My followers know that I am always hesitant at a time of universal optimism or pessimism. The survey results indicate a very mixed bag, as most real estate surveys prior to any year have a slightly upward bias. So the above results are not too different from the norm.

Trends Which We Will Likely See in 2017:

—— I am in the camp that says the long period of incredibly ultra-low interest rates is over. I am somewhat surprised that we have not seen more price appreciation over the past few years given how low interest rates have been. I am also concerned that with today’s long term fixed rates at levels lower than most us us used to consider “teaser” rates on an ARM, new entrants to the market have become too complacent in assuming these rates continue. How buyers react to higher interest rates will be a major factor in real estate sales and prices in 2017. Housing as a form of stability and long term wealth creation will be re-introduced as a driving force for buyers in 2017.

Prediction: With inventory levels at extreme lows entering 2017, the initial move in prices will be up, as buyers scramble to purchase the better alternatives, and do so while interest rates are still extraordinarily low.

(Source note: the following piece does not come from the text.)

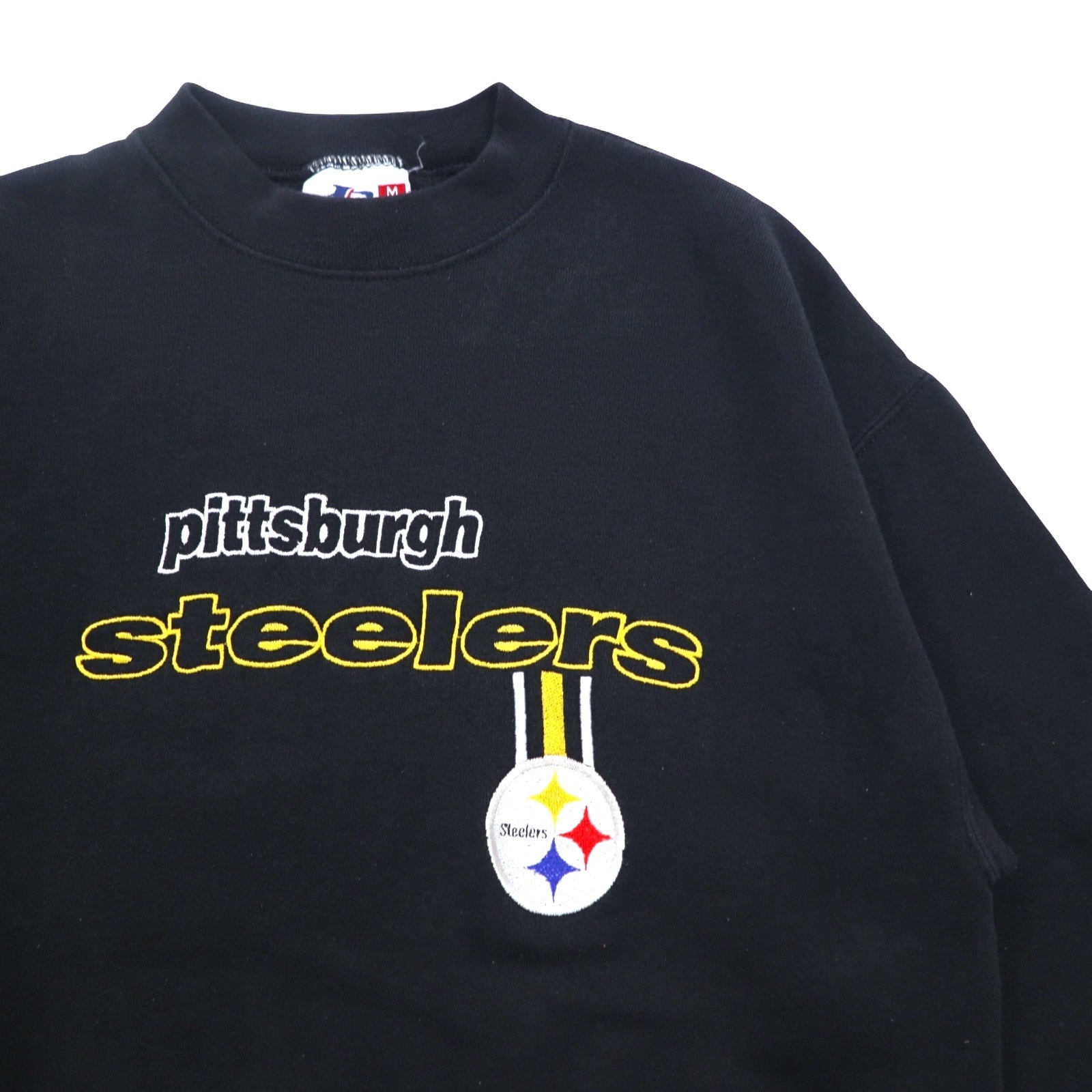 FELPA LOGO ATHLETIC ANNI '90 NFL RICAMATA M NERA PITTSBURGH STEELERS MADE IN MEXICO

—– 2017 will be seen as an unusual year marked with high unpredictability. There will be greater differences in demand from state-to-state, town-to-town, and neighborhood-to-neighborhood than we are used to seeing. I say this for two reasons: 1) The “Trump Effect” will reallocate areas of emphasis for capital that will be a boon to some areas and not to others; 2) The nature of real estate sales, and public awareness of alternatives, is changing on a daily basis. This trend is not going to decelerate in 2017. Such changes will make many of today’s cast-in-stone mantras less relevant and in some cases, obsolete. It is easy to say there will be significant change. Pinpointing what that change will be difficult, and how it will effect the overall industry remains the challenge. What will be viewed as uncertainty will actually be a progression from one way of doing business to another; of viewing alternatives in a different way than in the past.

Prediction: The era of the part-time real estate professional may be coming to an end. Technological changes and the need for knowledge will force those who hope to be successful to be on top of things everyday. This will become a necessity for those hoping to succeed. The pace of change and introduction of new technologies will increase, not slow down. So will demands on individuals and firms.

—– Higher interest rates are likely to free up inventory, which could lead to an explosive spring market. Granted, this is a bold statement and may be based on hope and intuition as much as facts. However, low inventories are the norm now, and many of those homes still for sale are on the market for a reason (poor condition; not showing well; markedly overpriced, etc.). Well-priced homes are selling almost immediately across-the-board. If interest rates begin to rise, sellers are likely to surface who do not want to “miss the boat”, given the traditional relationship between interest rates and housing demand. Buyers (and there are many sitting on their hands at this point) will respond to the improvement in inventory by stepping up before interest rates get beyond their affordability ranges. Fundamentals for an active spring market are very much in place. Potential sellers should take great care in choosing a listing agent. Buyers should use premier sites like Zillow and stay abreast of inventory in their desired markets.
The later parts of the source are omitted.